Delfim tenta livrar a cara do BC, na crise cambial de 1998-1999, mas não é isso o que importa no que ele acentua, ao refletir sobre uma já debatida e prevista “autonomia do Banco Central”.

O que Delfim diz é que um Banco Central não tem o poder de formular, orientar ou fiscalizar uma política econômica. E que a confusão cambial do segundo governo de Fernando Henrique foi resultado de “um lamentável erro de política econômica, sustentado pelo presidente FHC e por seu ministro da Fazenda”. O ministro era Pedro Malan.

Usando a mesma premissa, é possível que alguém, daqui a alguns anos, reflita sobre as culpas do BC de Roberto Campos Neto e da política econômica de Fernando Haddad, num eventual desarranjo da economia daqui pra frente?

A crise cambial de 98-99 resultou em desvalorização do real, fuga de capitais, inflação, endividamento, desalento e esgotamento das reservas. O que Delfim sugere é que aquela não foi apenas uma crise de barbeiragem dos guardiões da moeda.

E essa ’crise’ de hoje? Delfim está afastado das reflexões sobre a economia, mas seria bom ouvi-lo a partir dessa pergunta: por que Campos Neto apresenta-se como contraponto de sensatez à língua solta de Lula sobre juro alto?

Por que, como fez em evento em Portugal, o presidente do BC reflete sobre política econômica, se não é essa sua atribuição? Por que Campos Neto tenta induzir a grande imprensa a ver uma falsa equivalência entre o que ele e diz e o que o presidente da República fala?

Na terça-feira, refletindo esse sentimento de que Campos Neto pode falar e de que Lula deve calar-se, o Estadão estampou essa manchete: "Lula convoca reunião para discutir alta do dólar; moeda sobe sempre que presidente fala”.

Se a moeda sobe, é porque o presidente fala o que não deve falar. Mas Campos Neto, que seria detentor de uma sabedoria que Lula não tem, pode dizer o que quiser em eventos abertos, como o seminário em Portugal, ou em reuniões fechadas com Tarcísio de Freitas, banqueiros e gente da extrema direita.

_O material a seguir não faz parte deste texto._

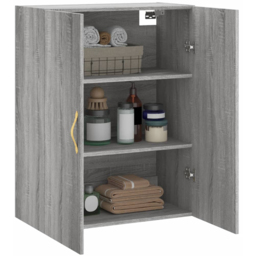 vidaXL 2 Door Grey Sonoma Wall Mounted Cabinet - Size: 90 x 69.5 x 34cm - Wilko - thumbnail 6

Campos Neto pode falar em voz alta em Lisboa ou cochichar no jantar de Tarcísio em São Paulo. Porque ele sabe o que fala. É o que dizem os jornais, sem conseguir esconder que estão fragilizando o real, no trigésimo aniversário da moeda.

Pelo que está dado hoje, Lula, que completa nove anos e meio governando, no seu terceiro mandato, é menos confiável como líder, formulador e executor de um programa de governo do que Campos Neto como guardião da moeda e da inflação.

Lido de outro jeito hoje, o artigo de Delfim Neto de 2003 nos ajuda a refletir sobre o que não é declarado, mas está no que seria o cerne da afronta pública de Campos Neto ao poder de um presidente eleito. O presidente do BC pode se achar no direito de patrulhar a política econômica de Lula, recomendando cortes e arrocho?

Leiam o que Campos Neto disse em Portugal e está em todos os jornais. O presidente do BC afirmou que “tentar impulsionar crescimento através de intervenção do governo” e “com investimento público” é condenável porque pode fazer com que o país entre em um ciclo vicioso que leva à ineficiência.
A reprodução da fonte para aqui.